> [Required action] A verbatim copy is needed of the lines below from the one containing "Szafirowe oczy - Thomas Hardy - E-Book" up to and including the one containing "Come To My House", excluding pictures.

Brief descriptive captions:
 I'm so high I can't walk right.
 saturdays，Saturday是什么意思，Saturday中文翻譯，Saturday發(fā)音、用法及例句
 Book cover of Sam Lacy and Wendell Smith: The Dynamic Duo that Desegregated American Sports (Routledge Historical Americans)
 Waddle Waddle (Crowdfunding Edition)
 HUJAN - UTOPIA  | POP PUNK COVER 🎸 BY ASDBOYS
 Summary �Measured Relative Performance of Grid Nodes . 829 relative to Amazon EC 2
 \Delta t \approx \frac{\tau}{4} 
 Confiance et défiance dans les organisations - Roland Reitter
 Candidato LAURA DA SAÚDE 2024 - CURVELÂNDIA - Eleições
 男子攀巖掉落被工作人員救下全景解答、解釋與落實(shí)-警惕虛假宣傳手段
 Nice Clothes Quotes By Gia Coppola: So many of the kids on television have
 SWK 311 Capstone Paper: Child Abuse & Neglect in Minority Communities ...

...

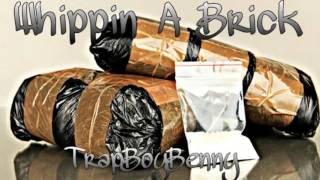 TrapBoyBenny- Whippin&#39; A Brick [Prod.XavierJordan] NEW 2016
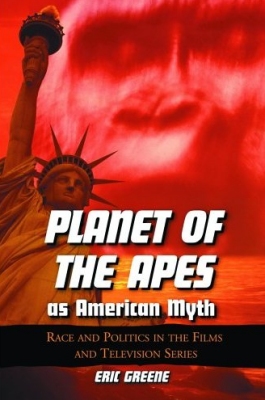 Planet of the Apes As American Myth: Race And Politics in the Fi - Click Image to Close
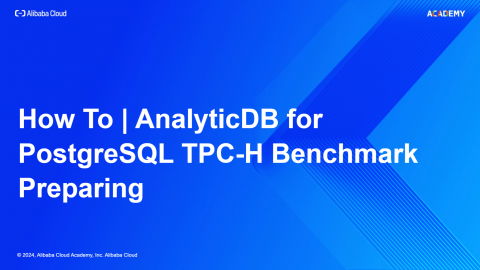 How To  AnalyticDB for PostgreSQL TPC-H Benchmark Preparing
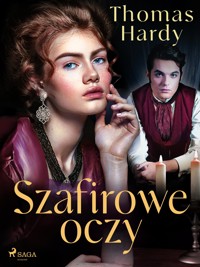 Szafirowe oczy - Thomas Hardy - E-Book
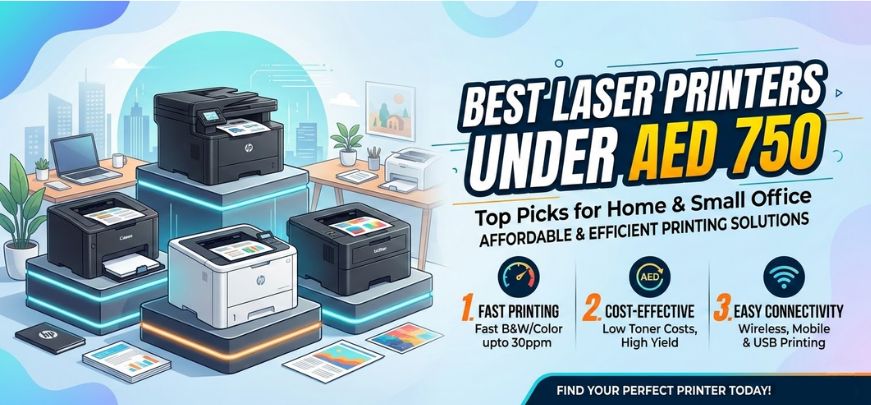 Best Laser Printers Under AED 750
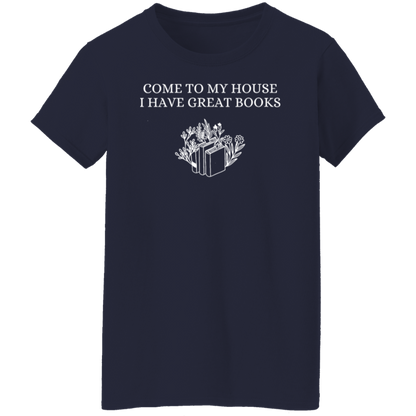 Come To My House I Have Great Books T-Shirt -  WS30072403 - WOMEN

> [Task output]
 Szafirowe oczy - Thomas Hardy - E-Book
 Best Laser Printers Under AED 750
 Come To My House I Have Great Books T-Shirt -  WS30072403 - WOMEN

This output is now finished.